Your answer should hold only the lines from the one containing "WI license plate 203NRP" through the last line below, copied exactly; pictures stay out.

- **DATA PROVIDED**:
>>>

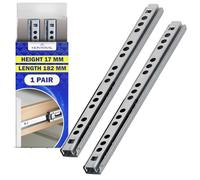 1 Coppia Guide per Cassetti con Cuscinetti a Sfera 182 mm x H 17 mm - Telescopiche Guide Cassetti Scorrevoli Hanno Un'estensione Parziale di 125 mm - Garanzia di 10 Anni - MONTERAL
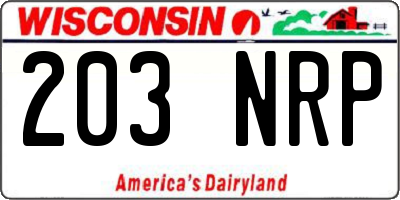 WI license plate 203NRP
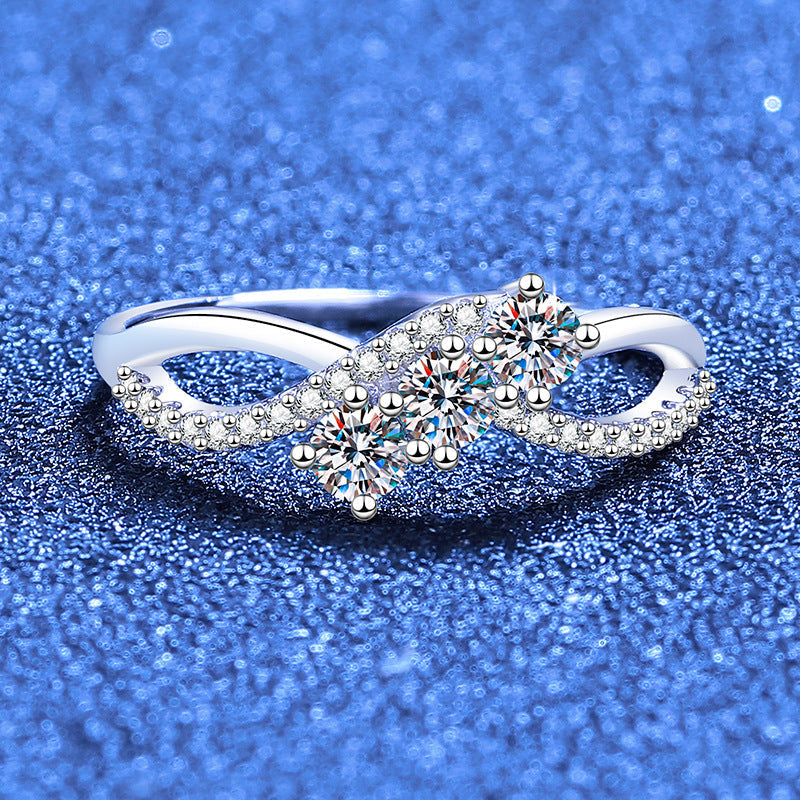 [Super CiCi]INTERTWINING LOVE MOISSANITE RING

<<<

- **WRITTEN RESPONSE**:
 WI license plate 203NRP
 [Super CiCi]INTERTWINING LOVE MOISSANITE RING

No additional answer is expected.